The message lingered unsent. I was deep inside a cave without any phone service. But these weren’t just any old caves. This artificial set of tunnels was hacked deep into the side of the mighty Dolomites. Their purpose? One of the most ingenious storage halls I’d ever witnessed. What were the air-tight chambers stacked high with? Apples. Thousands and thousands of sweet Melinda apples.
Incredibly, some of them are stored here for months. Not that you’d have a clue by the time you see them in your local supermarket. This genius refrigeration system can keep these crunchy orbs of five-a-day goodness nearly as fresh as the day they were picked.
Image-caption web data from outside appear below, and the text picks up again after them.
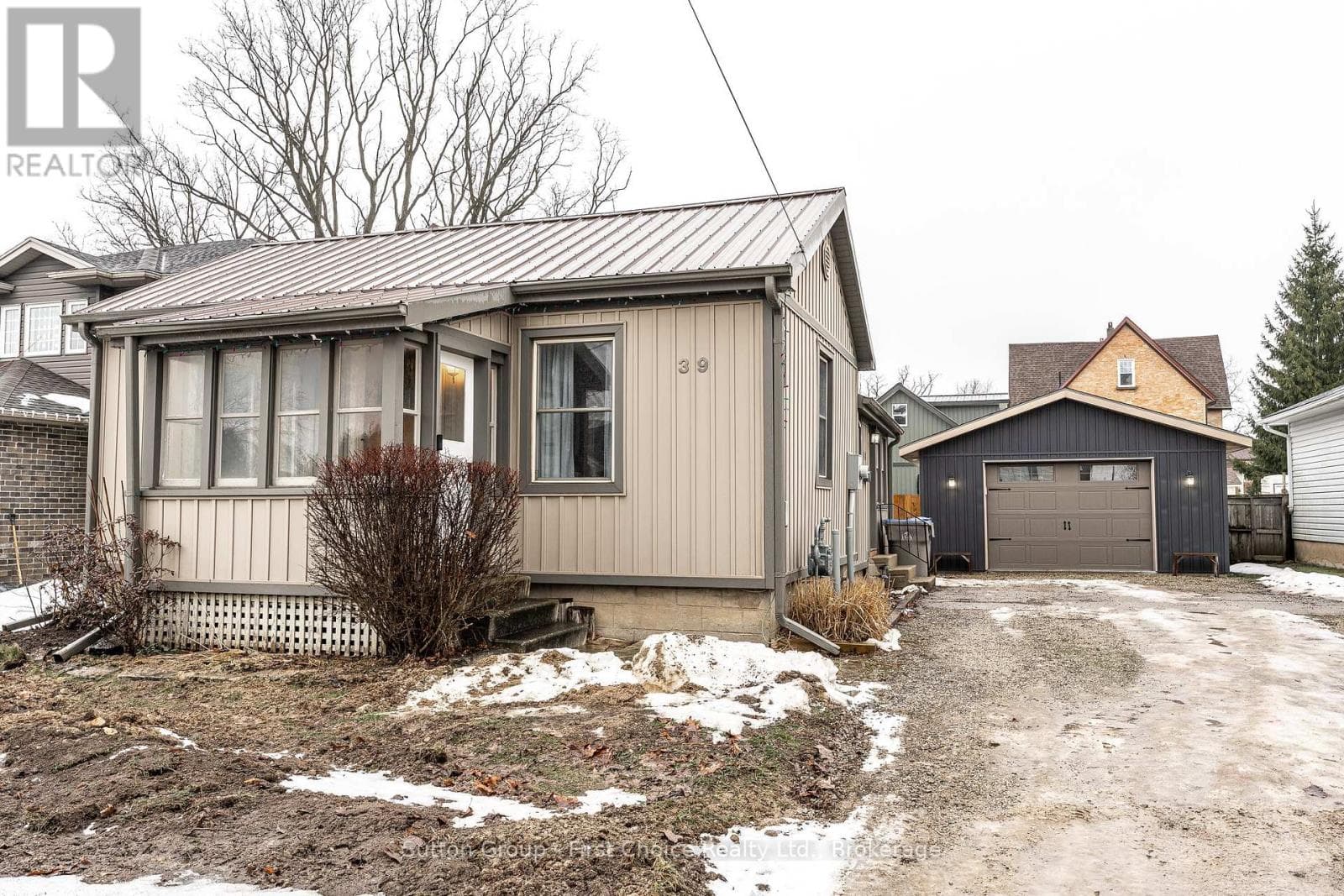 39 WILLIAM ST STREET — St. Marys, Ontario - Main photo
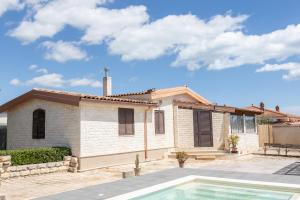 Villa Scrusciu Ri Mari, Noto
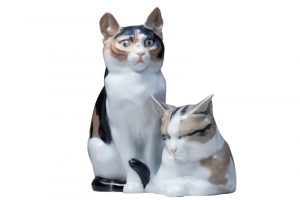 《二匹の猫》オットー・ピルツ　1934〜1940年頃　個人蔵　「猫の毛の柔らかさを表現するために、釉薬の中に絵の具を染み込ませてソフトに発色させる、イングレイズ技法が用いられています」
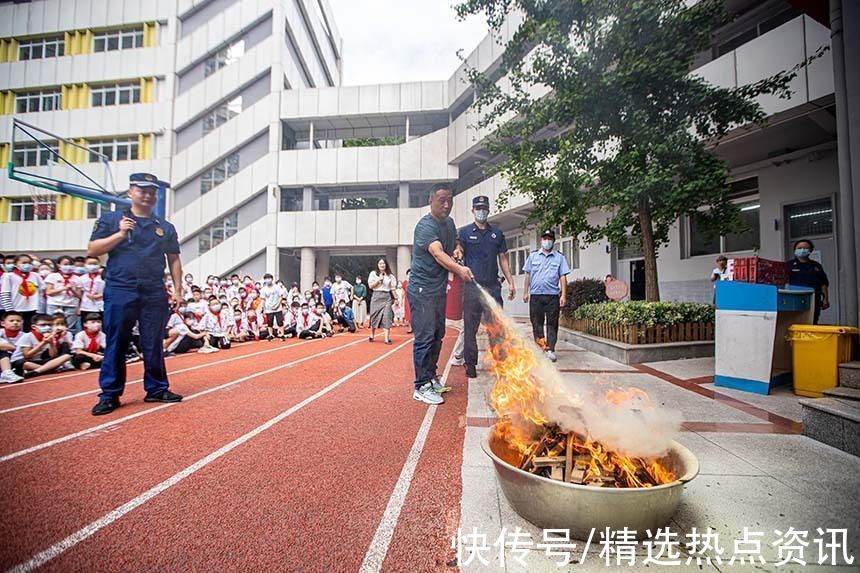 小学师生|武汉：千余名小学师生开学学消防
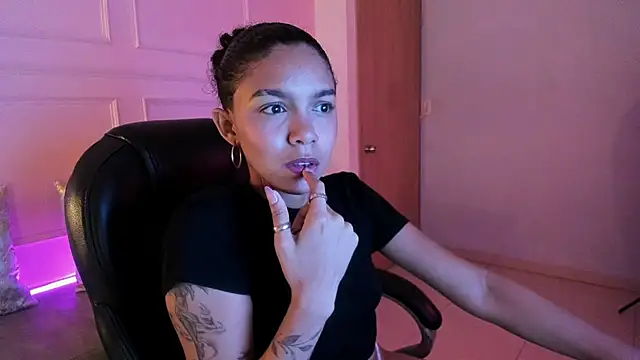 aitana kahlo online show from 02/02/26, 08:08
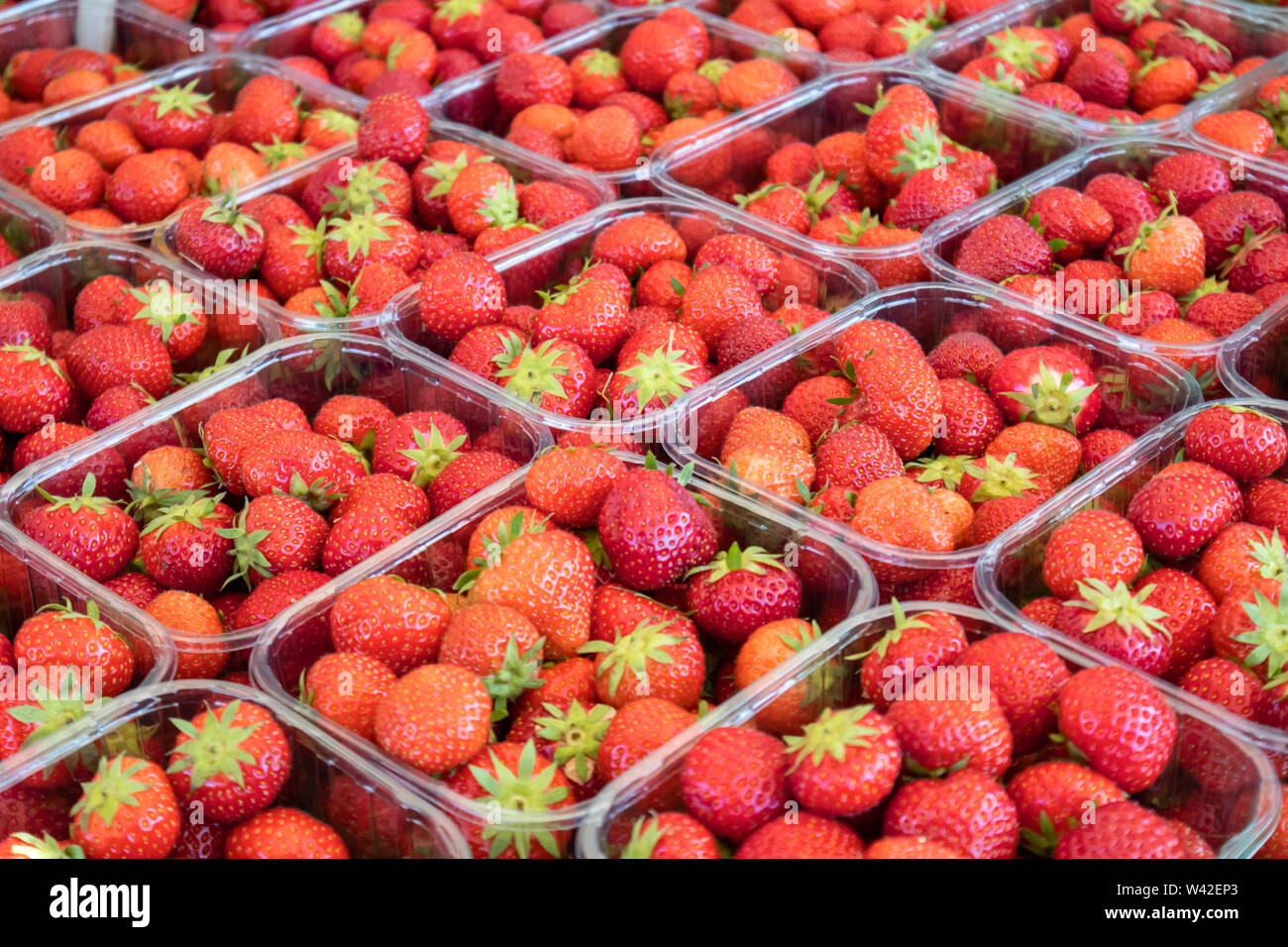 Boxes Strawberries High Resolution Stock Photography and Images - Alamy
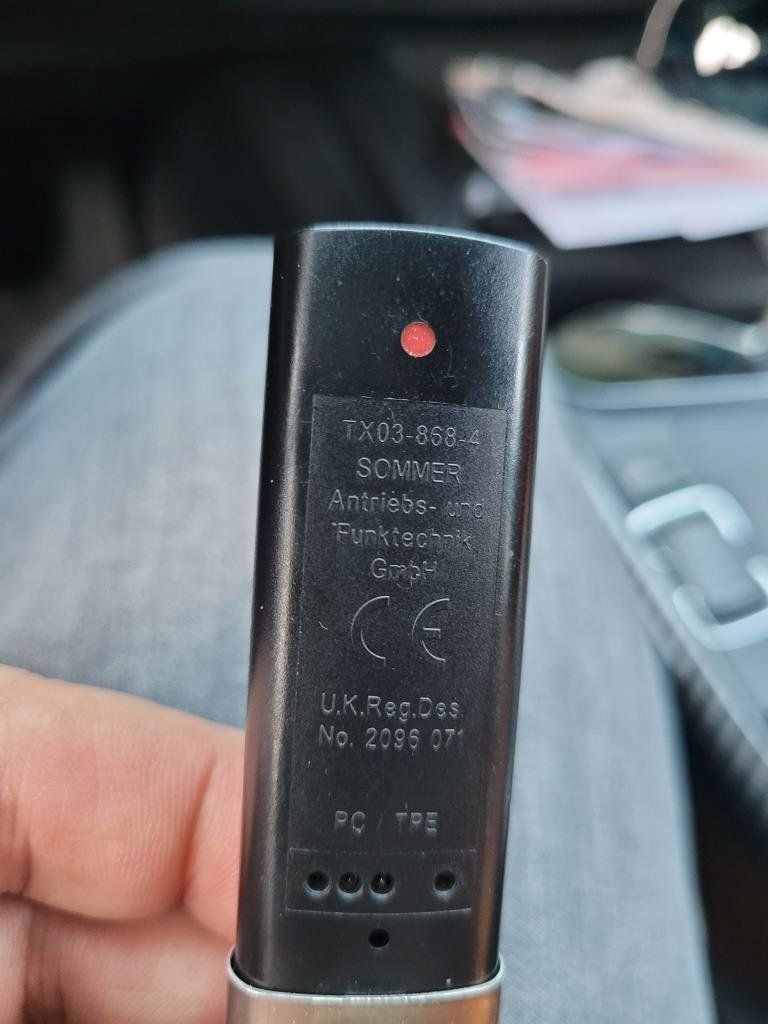 Telecomandi: Télécommande de porte de garage SOMMER TX03-868-4 Meier AG – Usato da St-Imier venduto da Talo1 2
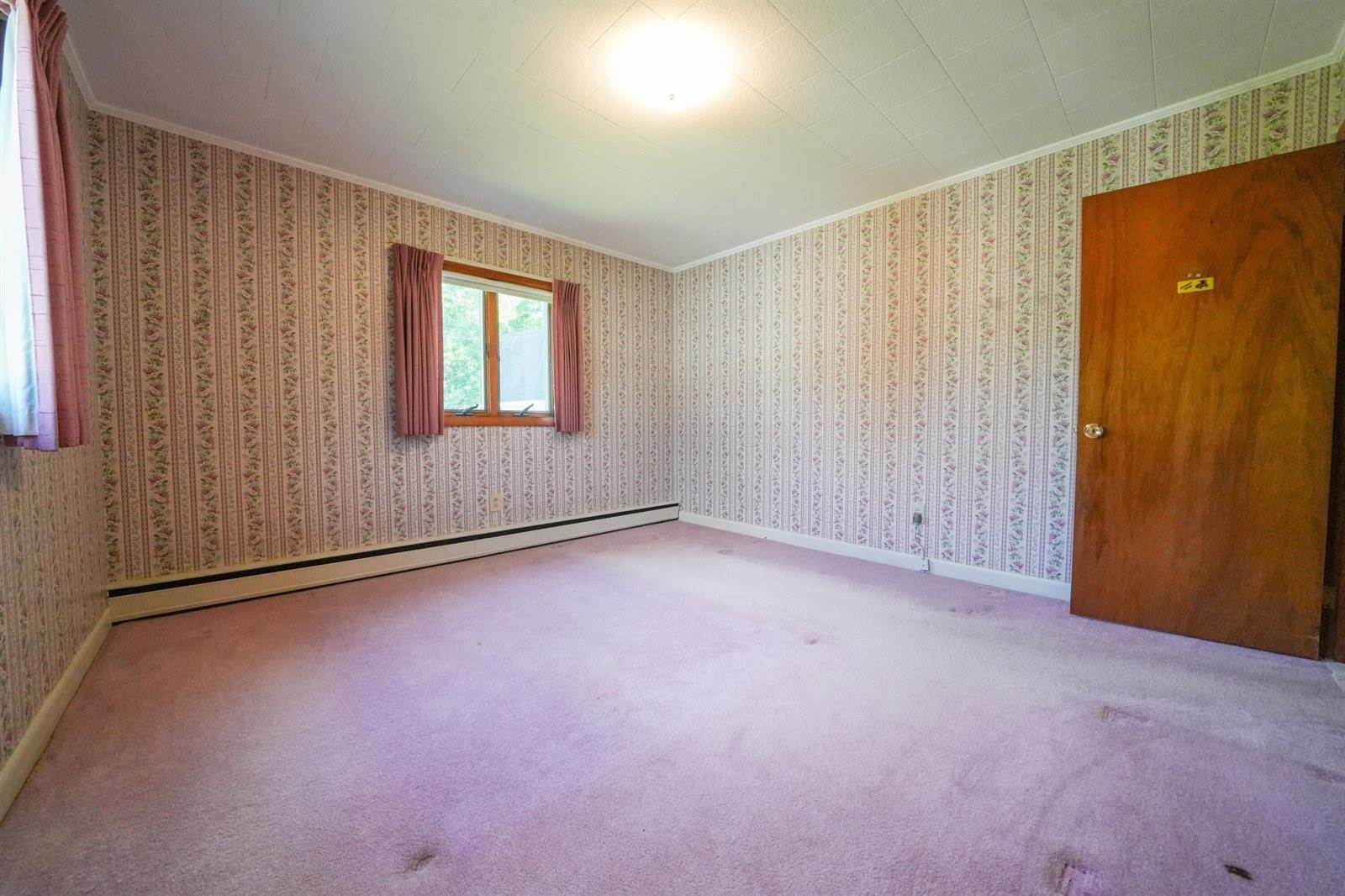 256 Parkway South, Brewer, ME 04412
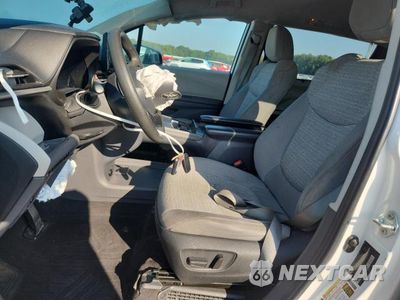 Zdjęcie 7 z 13 samochodu: 2022 TOYOTA SIENNA LE VIN:5TDKRKEC0NS076898 - miniatura
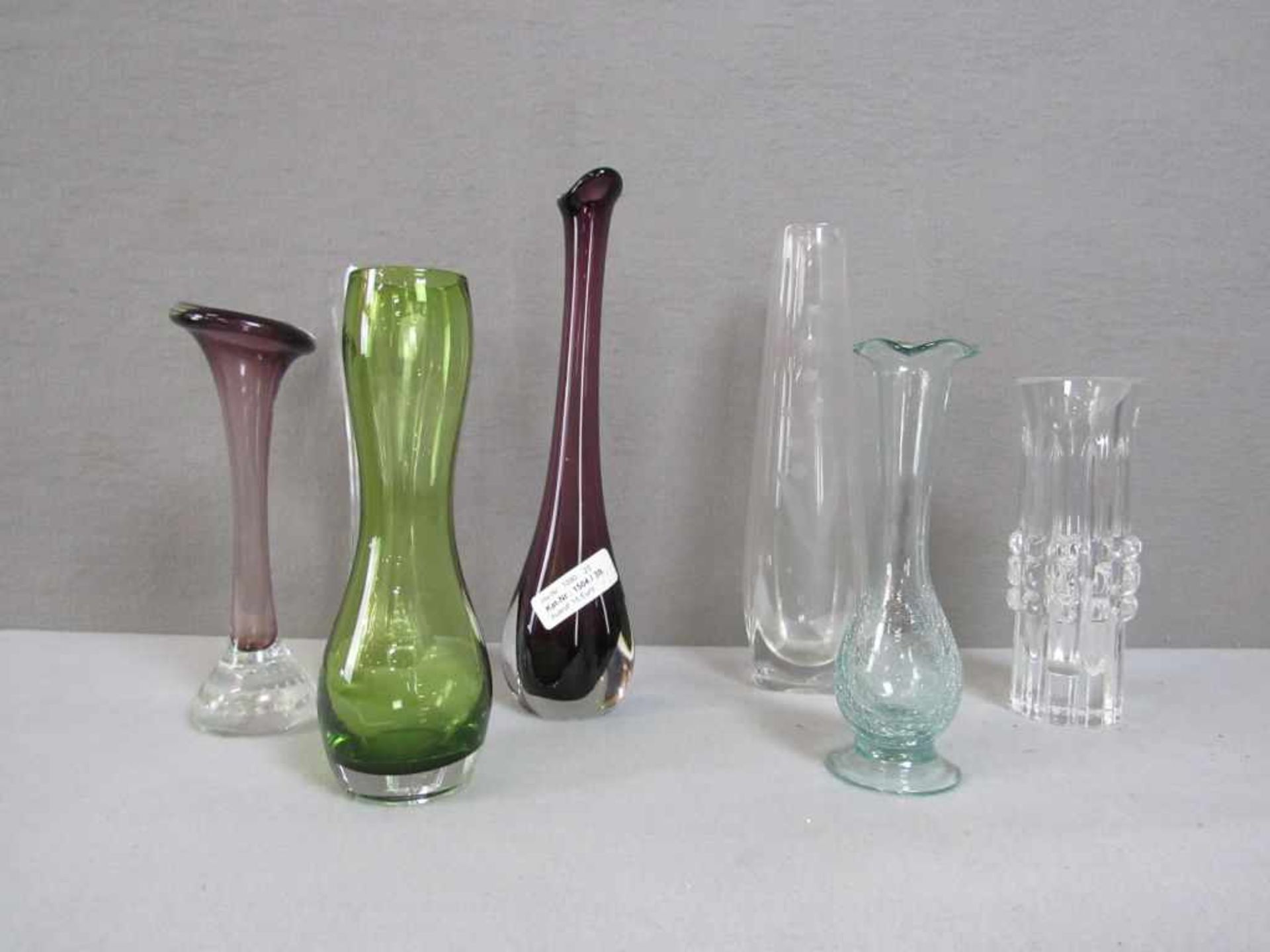 Konvolut von 7 Designerglasvasen 50er bis 70er Jahre teilweise gemarkt 20-29cm hoch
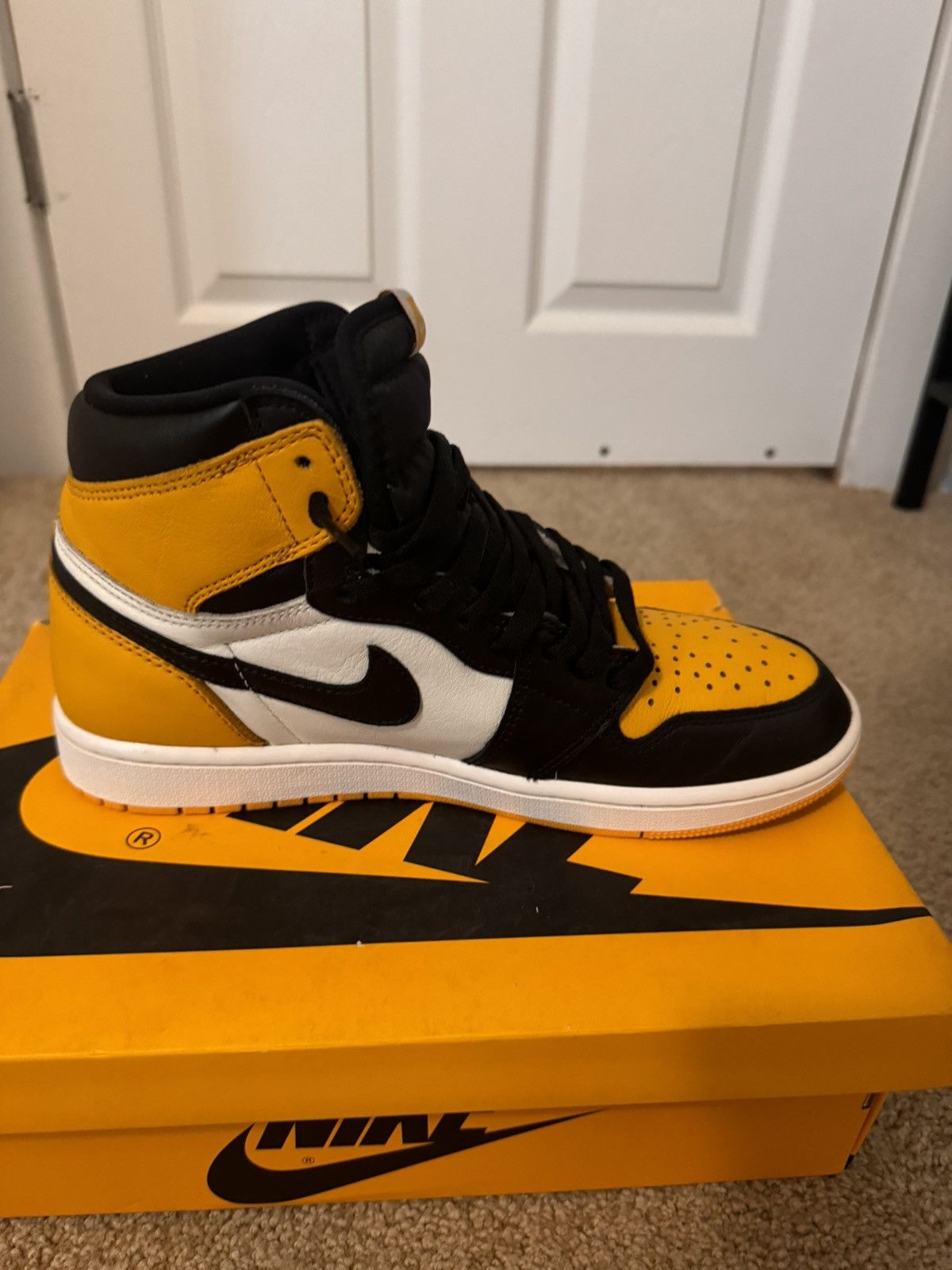 Jordan Brand Air Jordan 1 High Retro OG Size US 9 / EU 42 - 7 Thumbnail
As Val di Non had taught me on the journey to this quirky storage facility, apples can also be downright gorgeous. After leaving the lake-heavy region of Valsugana, I was quickly mesmerised by the rows and rows of terraced vineyards in the distance.
“Those aren’t vineyards,” Marco, my guide, chuckled. “They’re apples.”
Now, I promise this isn’t going to be an essay on apples. However, after a tour of the mind-boggling, former-mine storage caves of the Melinda Apple Factory, I feel more than qualified to write one. But I merely want to set the scene. Val di Non is essentially a giant orchard. A lush land of low-slung mountains, plentiful castles and… abundant apples.
Why it’s not called the Valley of Apples is anyone’s guess. But there I was, pressed against the windows with my fellow travellers, utterly astonished like I’d never seen a fruit before. “I just can’t believe they are apples”, Vicky calls from behind me. “Who knew apples could be so beautiful?” someone coos from upfront. I add my equally profound thoughts to the conversation: “I want an apple”. A few days later, I would have been fed all the apples anyone could ever wish for.
From apples to aristocrats
The Trentino region has been one of my favourite, more hidden parts of Italy for years. On my first visit, I fell madly in love with the pocket-sized regional capital, Trento. Not yet tourist-laden, the northern Italian city’s streets and squares of frescos and culture-led events were enchanting. Then I ventured to the fjord-like Lake Levico in Valsugana, where I learnt to SUP gliding above bottles of Trento Doc – the region’s famed sparkling wine – ageing at the bottom of the lake and became even more smitten.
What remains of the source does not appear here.